Image-text web data
◆ ◆ ◆ ◆ ◆

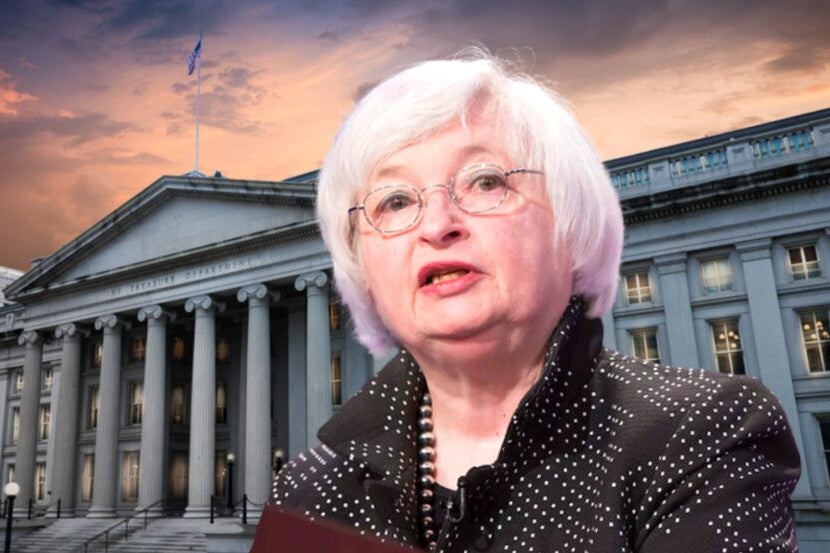 US Government Has Less Than 3 Weeks To Raise Debt Ceiling Before Resorting To 'Extraordinary Measures,' Says Treasury Secretary Yellen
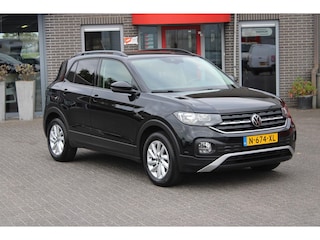 Volkswagen T-Cross 1.0 TSI Life Clima/Apple Andriod/Adaptive/NL Auto!!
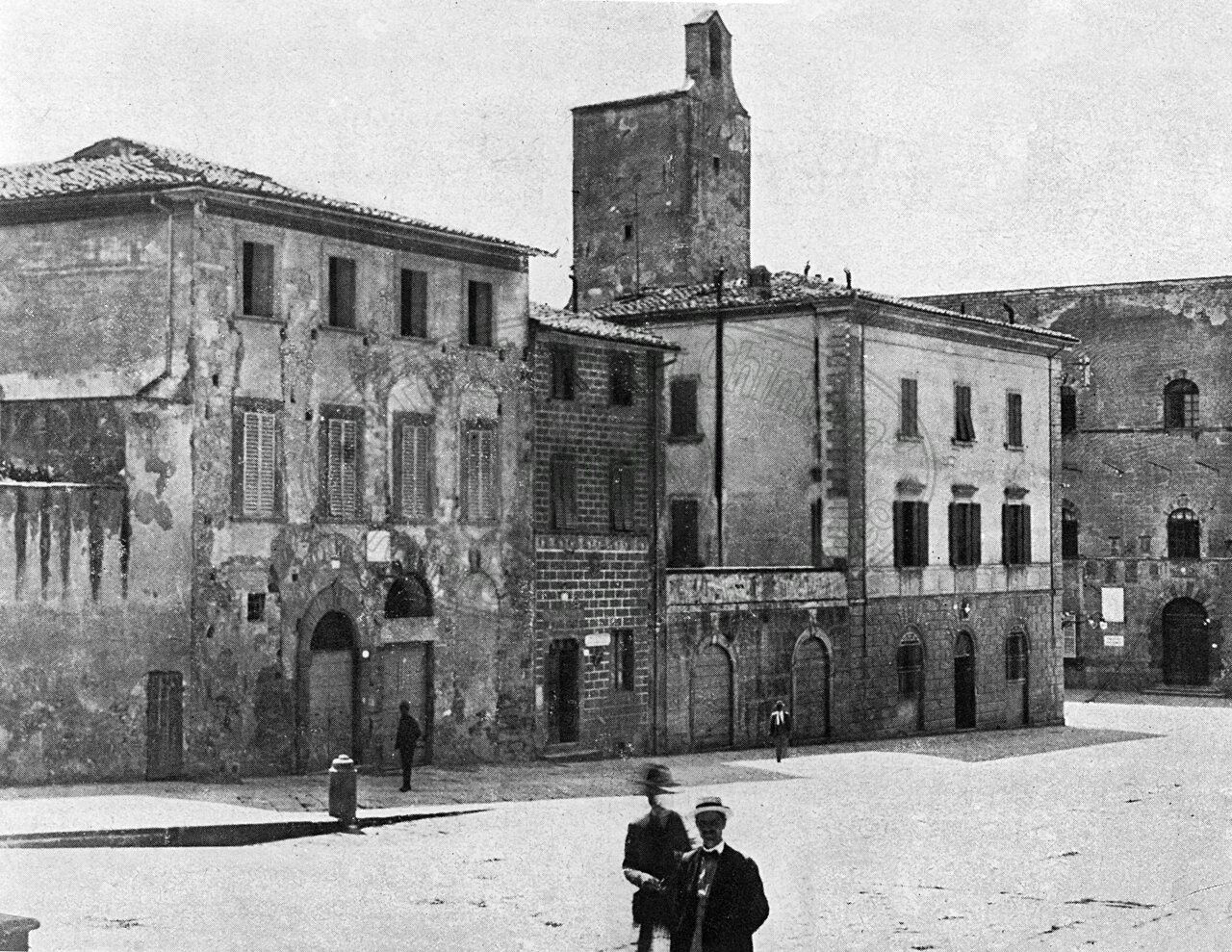 Palazzo della Prefettura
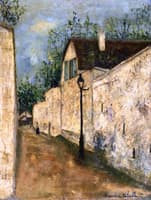 The Rue St Vincent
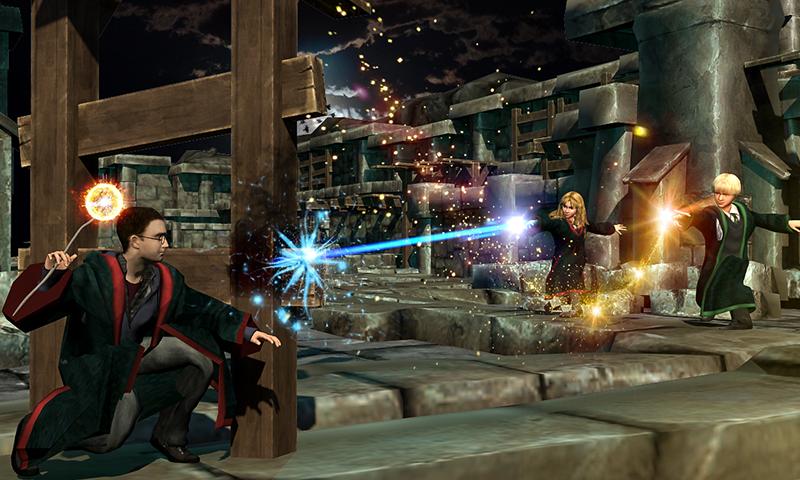 Mystery Of Harry and Hogwarts Sorcerer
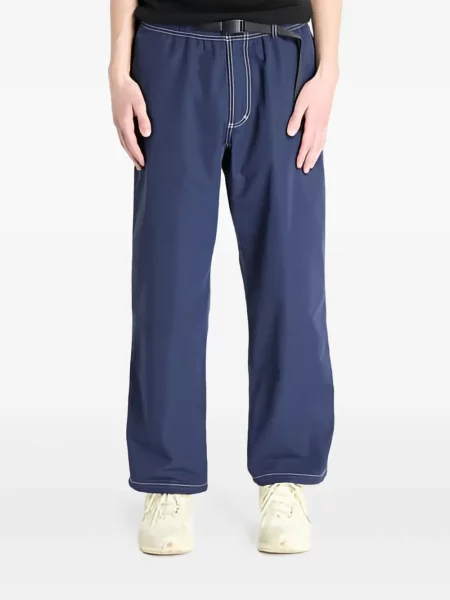 Pantaloni Gramicci albastru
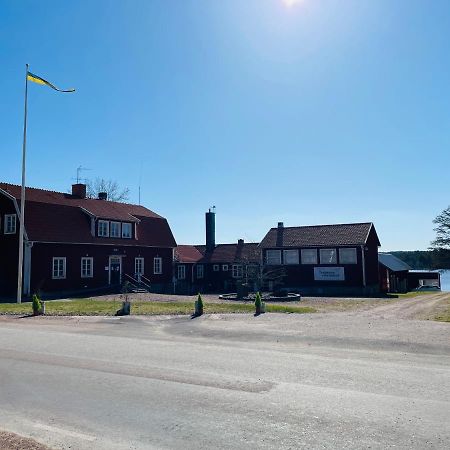 Trehoerna Waerdhus & Vandrarhem Trehorna Esterno foto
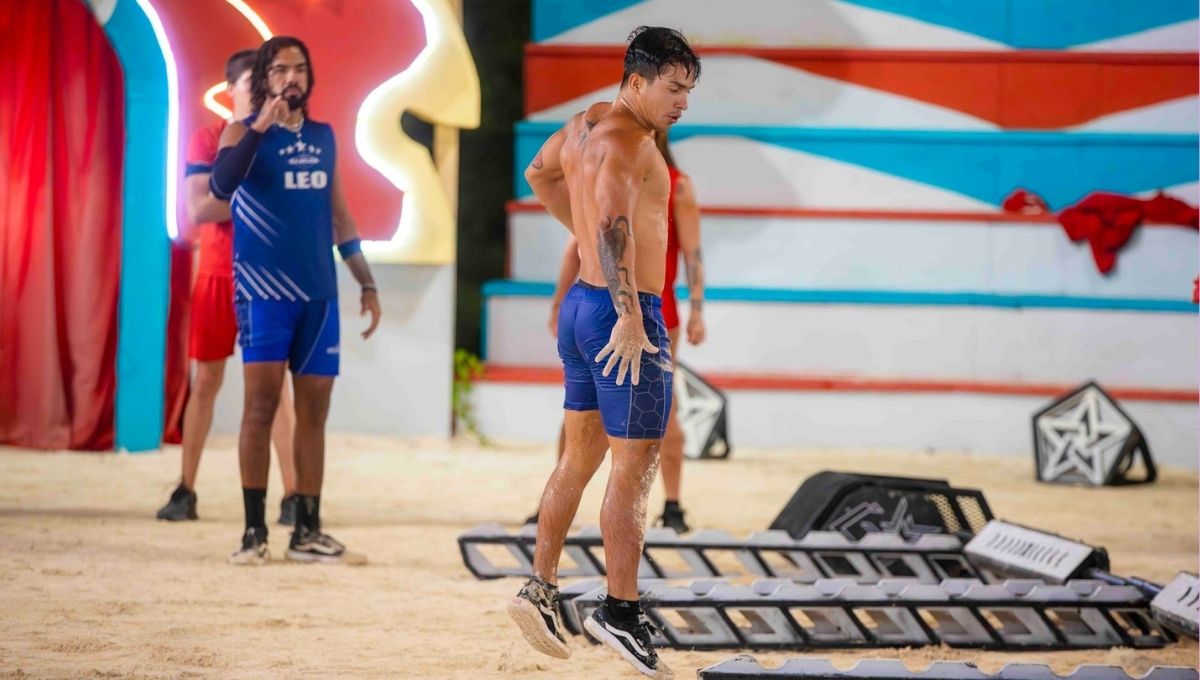 koke guerrero eliminacion de exatlon mexico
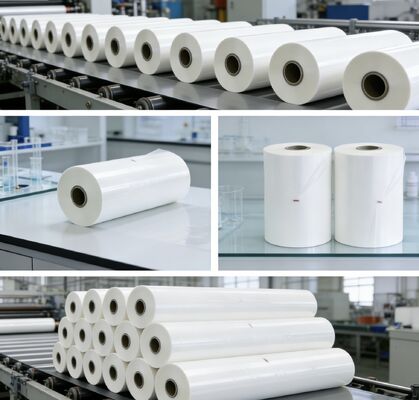 3H 표면 경화 방지 필름과 EVA 접착제 접착제 및 사용자 정의 100MM ~ 2200MM 너비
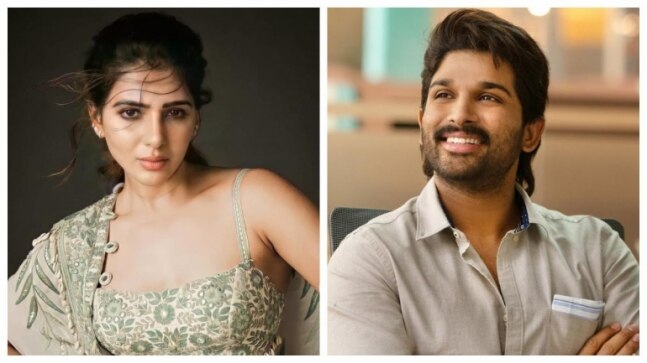 After split with Naga Chaitanya, Samantha starts shooting for first-ever item song in Pushpa - Vimarsana News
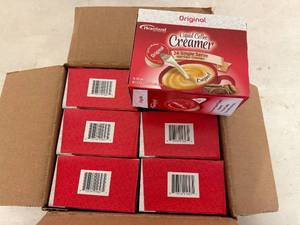 lot 315 image: Heartland Coffee Creamer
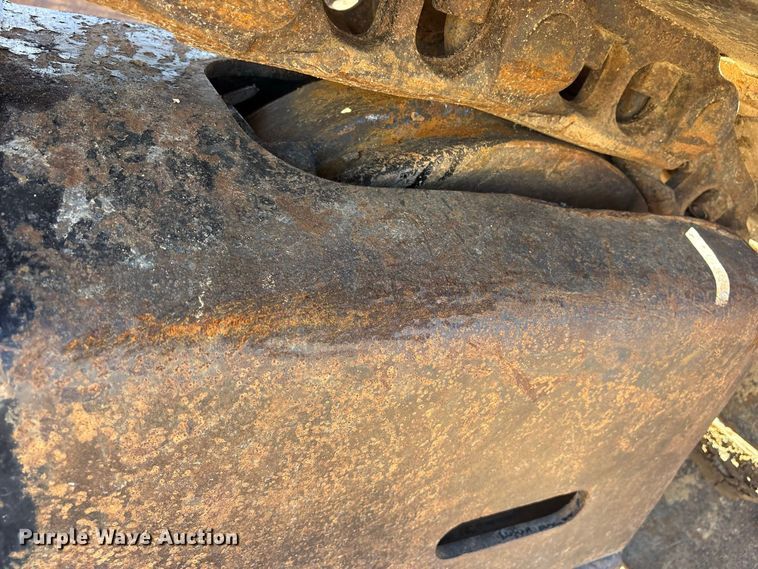 image for item ES8217 2017 Hitachi ZX470 LC-6 excavator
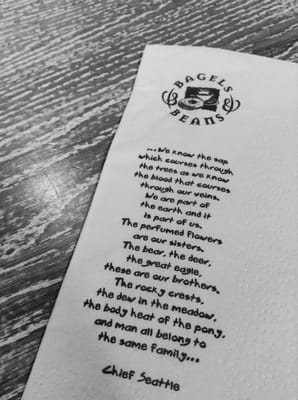 Menu photo 2 Bagels & Beans Utrecht, UT
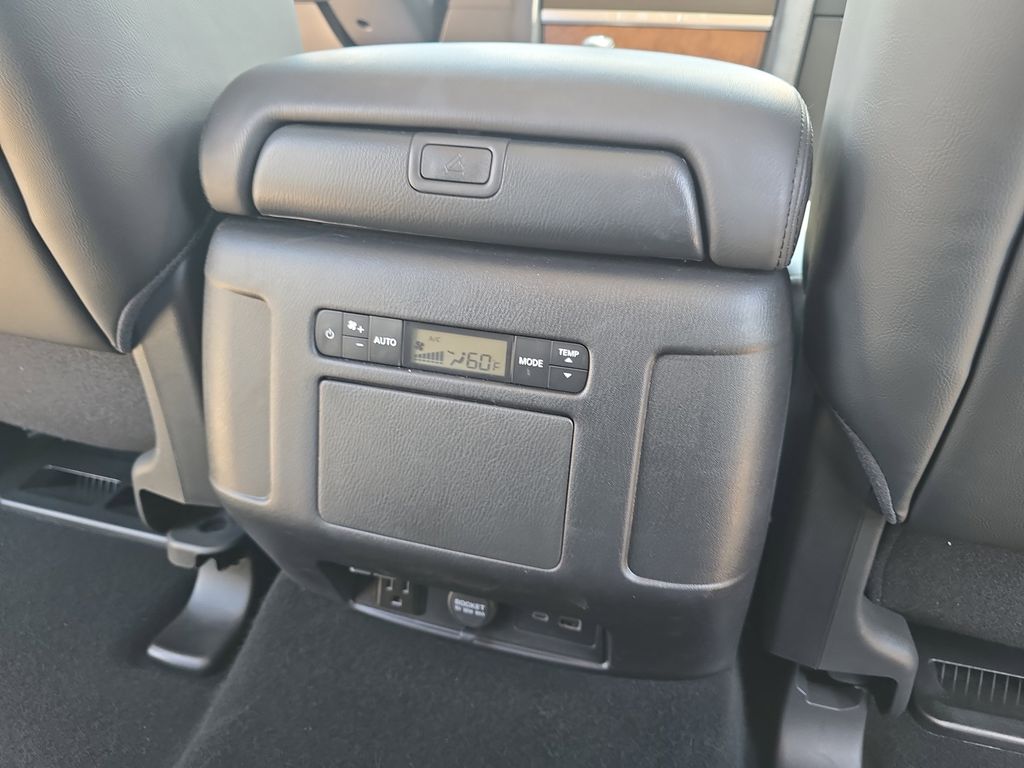 2024 Super Black Nissan Armada SL RWD SUV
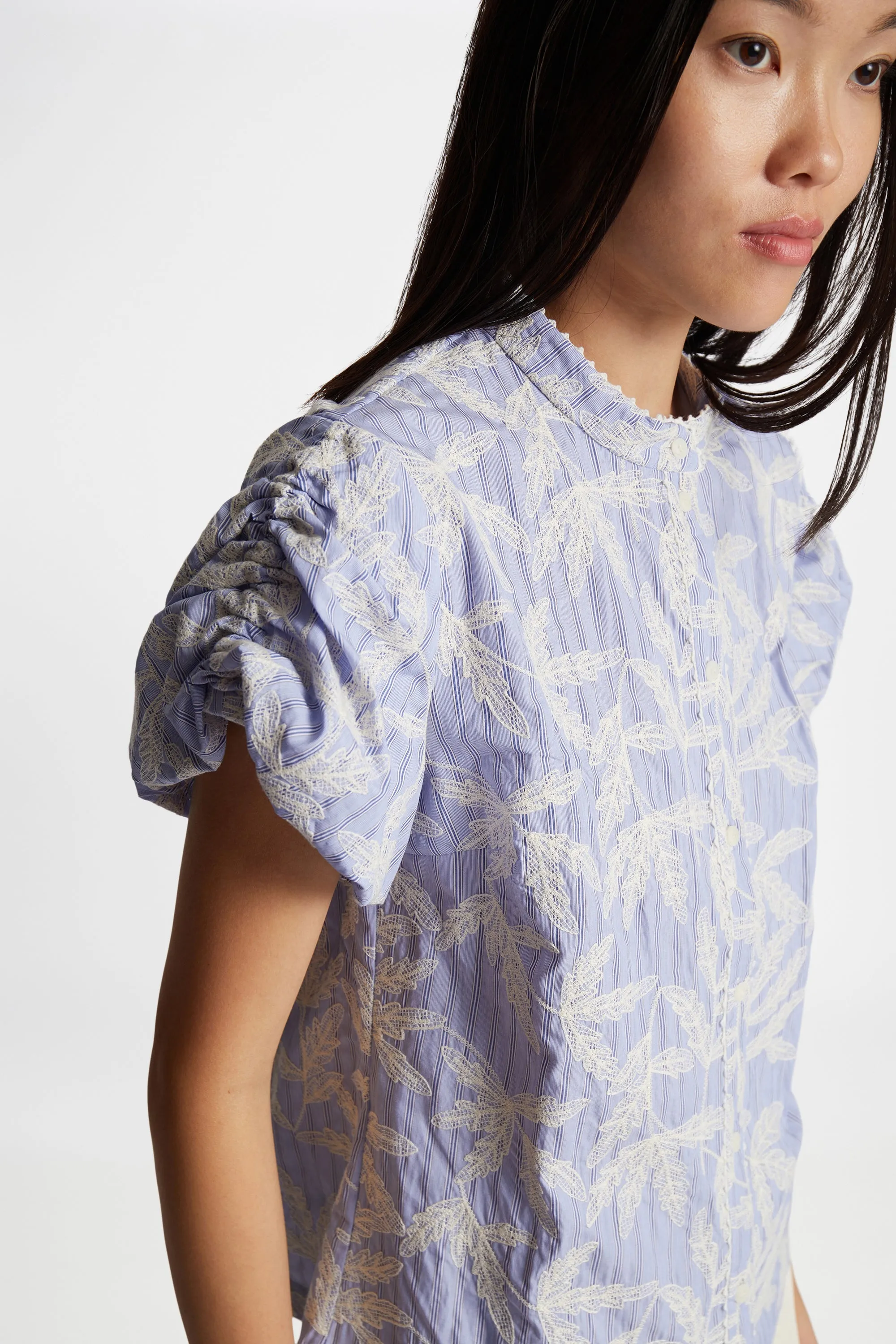 FREDIA - LIGHT BLUE Munthe
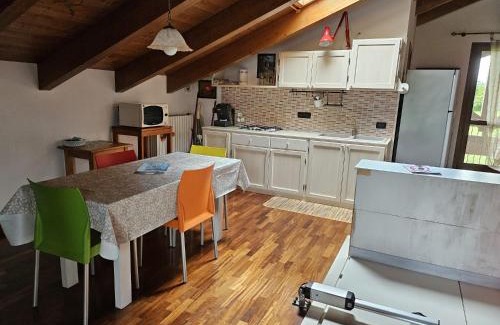 Roppolo Apartamento | La Finestra sul Castello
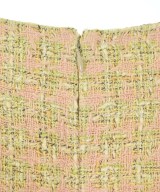 CHANEL（シャネル）ひざ丈スカート ピンク サイズ:38(S位) レディース/2200731949168
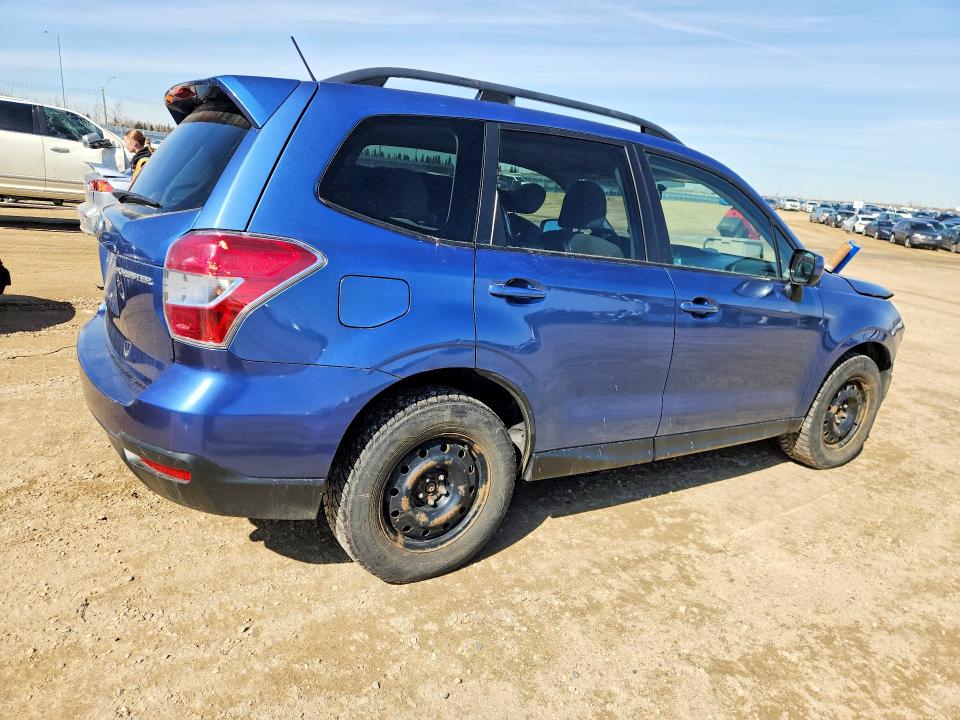 Продажа на аукционе авто 2015 Subaru Forester, vin: JF2SJCHC1FH802591, номер лота: 48141656
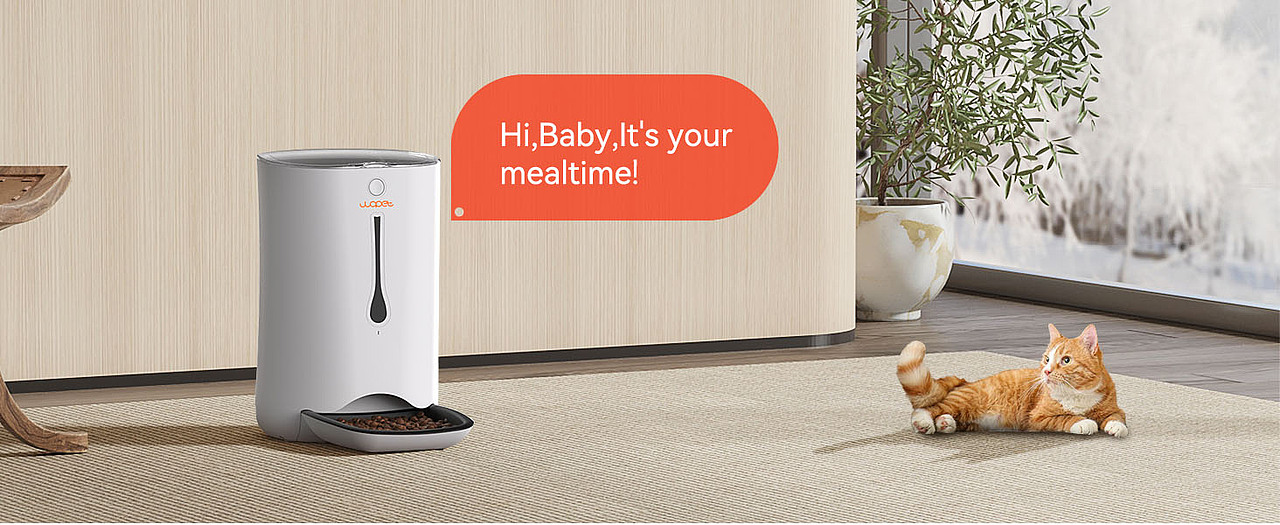 跨境电商 | 宠物喂食器亚马逊详情页 × YC艺创视觉（图ZMzU2NjQzMjIw） - 产品 - 站酷设计师YCVISION艺创视觉原创素材 - 站酷ZCOOL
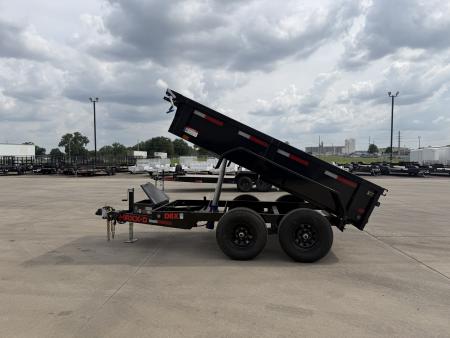 New 2026 MAXX-D 60 X 10 D6X Dump Trailer
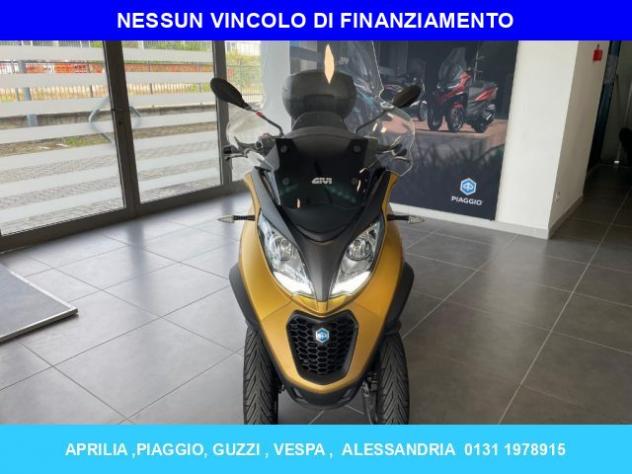 PIAGGIO MP3 500 HPE, 44cv, SOLO 18.000KM, 12 MESI DI GARANZIA rif. 22351905 - Foto 2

◆ ◆ ◆ ◆ ◆

■ **Task description**
Set down exactly, and only, the lines from the one holding "Pantaloni Gramicci albastru" to the end of the records above, leaving every picture out.

■ **Completed task**
 Pantaloni Gramicci albastru
 Trehoerna Waerdhus & Vandrarhem Trehorna Esterno foto
 koke guerrero eliminacion de exatlon mexico
 3H 표면 경화 방지 필름과 EVA 접착제 접착제 및 사용자 정의 100MM ~ 2200MM 너비
 After split with Naga Chaitanya, Samantha starts shooting for first-ever item song in Pushpa - Vimarsana News
 lot 315 image: Heartland Coffee Creamer
 image for item ES8217 2017 Hitachi ZX470 LC-6 excavator
 Menu photo 2 Bagels & Beans Utrecht, UT
 2024 Super Black Nissan Armada SL RWD SUV
 FREDIA - LIGHT BLUE Munthe
 Roppolo Apartamento | La Finestra sul Castello
 CHANEL（シャネル）ひざ丈スカート ピンク サイズ:38(S位) レディース/2200731949168
 Продажа на аукционе авто 2015 Subaru Forester, vin: JF2SJCHC1FH802591, номер лота: 48141656
 跨境电商 | 宠物喂食器亚马逊详情页 × YC艺创视觉（图ZMzU2NjQzMjIw） - 产品 - 站酷设计师YCVISION艺创视觉原创素材 - 站酷ZCOOL
 New 2026 MAXX-D 60 X 10 D6X Dump Trailer
 PIAGGIO MP3 500 HPE, 44cv, SOLO 18.000KM, 12 MESI DI GARANZIA rif. 22351905 - Foto 2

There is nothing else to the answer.